Data for this exercise section start

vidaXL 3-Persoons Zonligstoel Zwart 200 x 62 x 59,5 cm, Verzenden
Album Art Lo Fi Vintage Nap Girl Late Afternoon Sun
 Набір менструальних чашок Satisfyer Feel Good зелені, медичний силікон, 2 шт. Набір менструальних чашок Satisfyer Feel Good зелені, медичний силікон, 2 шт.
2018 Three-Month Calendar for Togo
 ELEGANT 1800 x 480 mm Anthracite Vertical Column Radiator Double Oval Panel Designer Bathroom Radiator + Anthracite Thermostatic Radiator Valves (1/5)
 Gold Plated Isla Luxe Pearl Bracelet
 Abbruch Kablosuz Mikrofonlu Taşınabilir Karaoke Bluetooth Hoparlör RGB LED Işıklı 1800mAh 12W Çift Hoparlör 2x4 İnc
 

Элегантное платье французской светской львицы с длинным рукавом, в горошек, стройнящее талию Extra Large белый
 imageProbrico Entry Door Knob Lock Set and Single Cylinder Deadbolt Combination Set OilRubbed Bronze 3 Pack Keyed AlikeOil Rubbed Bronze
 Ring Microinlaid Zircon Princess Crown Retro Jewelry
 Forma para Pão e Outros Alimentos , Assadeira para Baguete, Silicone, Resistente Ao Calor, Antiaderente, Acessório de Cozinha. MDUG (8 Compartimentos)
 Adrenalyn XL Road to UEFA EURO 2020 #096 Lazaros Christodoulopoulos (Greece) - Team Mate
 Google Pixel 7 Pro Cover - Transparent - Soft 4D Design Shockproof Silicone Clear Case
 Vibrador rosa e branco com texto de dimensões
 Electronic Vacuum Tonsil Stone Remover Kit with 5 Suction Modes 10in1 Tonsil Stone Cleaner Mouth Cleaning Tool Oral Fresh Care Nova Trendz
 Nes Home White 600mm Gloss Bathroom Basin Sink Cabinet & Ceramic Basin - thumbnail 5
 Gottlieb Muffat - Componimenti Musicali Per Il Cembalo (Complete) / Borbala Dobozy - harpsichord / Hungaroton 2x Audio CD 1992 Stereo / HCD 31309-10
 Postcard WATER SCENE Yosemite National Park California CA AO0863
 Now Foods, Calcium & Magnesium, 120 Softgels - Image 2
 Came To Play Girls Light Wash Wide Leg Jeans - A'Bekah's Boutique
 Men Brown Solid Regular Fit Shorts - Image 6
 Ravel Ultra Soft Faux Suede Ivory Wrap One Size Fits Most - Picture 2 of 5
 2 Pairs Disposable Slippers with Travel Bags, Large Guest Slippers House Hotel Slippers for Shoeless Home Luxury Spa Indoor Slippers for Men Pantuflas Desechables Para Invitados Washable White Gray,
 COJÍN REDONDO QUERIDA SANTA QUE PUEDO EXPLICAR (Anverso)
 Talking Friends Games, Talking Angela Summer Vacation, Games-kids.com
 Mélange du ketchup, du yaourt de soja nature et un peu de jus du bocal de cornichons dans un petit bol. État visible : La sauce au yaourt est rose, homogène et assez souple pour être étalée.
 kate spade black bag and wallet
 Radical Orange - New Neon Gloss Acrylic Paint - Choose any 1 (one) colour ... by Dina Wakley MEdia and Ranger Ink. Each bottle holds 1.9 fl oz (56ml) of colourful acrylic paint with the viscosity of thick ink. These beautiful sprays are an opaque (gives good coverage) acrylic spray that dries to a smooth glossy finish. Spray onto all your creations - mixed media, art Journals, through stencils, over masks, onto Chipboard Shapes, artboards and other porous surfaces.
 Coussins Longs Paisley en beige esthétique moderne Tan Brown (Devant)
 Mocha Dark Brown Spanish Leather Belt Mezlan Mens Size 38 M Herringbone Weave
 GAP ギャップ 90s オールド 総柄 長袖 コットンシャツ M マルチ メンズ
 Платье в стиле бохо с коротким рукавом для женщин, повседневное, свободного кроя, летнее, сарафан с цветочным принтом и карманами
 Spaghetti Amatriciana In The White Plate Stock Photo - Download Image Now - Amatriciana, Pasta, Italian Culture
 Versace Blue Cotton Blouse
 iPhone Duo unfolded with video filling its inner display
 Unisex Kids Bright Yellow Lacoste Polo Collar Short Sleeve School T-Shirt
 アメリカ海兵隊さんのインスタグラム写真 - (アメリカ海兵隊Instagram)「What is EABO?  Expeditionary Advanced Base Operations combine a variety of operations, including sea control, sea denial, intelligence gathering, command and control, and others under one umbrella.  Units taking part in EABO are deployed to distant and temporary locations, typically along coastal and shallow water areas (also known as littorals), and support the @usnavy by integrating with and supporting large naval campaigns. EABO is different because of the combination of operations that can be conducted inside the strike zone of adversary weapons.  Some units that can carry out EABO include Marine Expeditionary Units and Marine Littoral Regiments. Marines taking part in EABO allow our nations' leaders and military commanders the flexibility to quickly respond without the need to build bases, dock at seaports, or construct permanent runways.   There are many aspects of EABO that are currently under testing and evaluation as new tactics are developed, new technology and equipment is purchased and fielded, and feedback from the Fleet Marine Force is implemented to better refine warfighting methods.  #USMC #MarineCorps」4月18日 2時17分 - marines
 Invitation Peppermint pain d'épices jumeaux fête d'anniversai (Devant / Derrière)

Data for this exercise section end

◆ Problem to work on ◆
Wherever a line of the records above contains the string "Devant", copy that line out.

◆ Result ◆
 Coussins Longs Paisley en beige esthétique moderne Tan Brown (Devant)
 Invitation Peppermint pain d'épices jumeaux fête d'anniversai (Devant / Derrière)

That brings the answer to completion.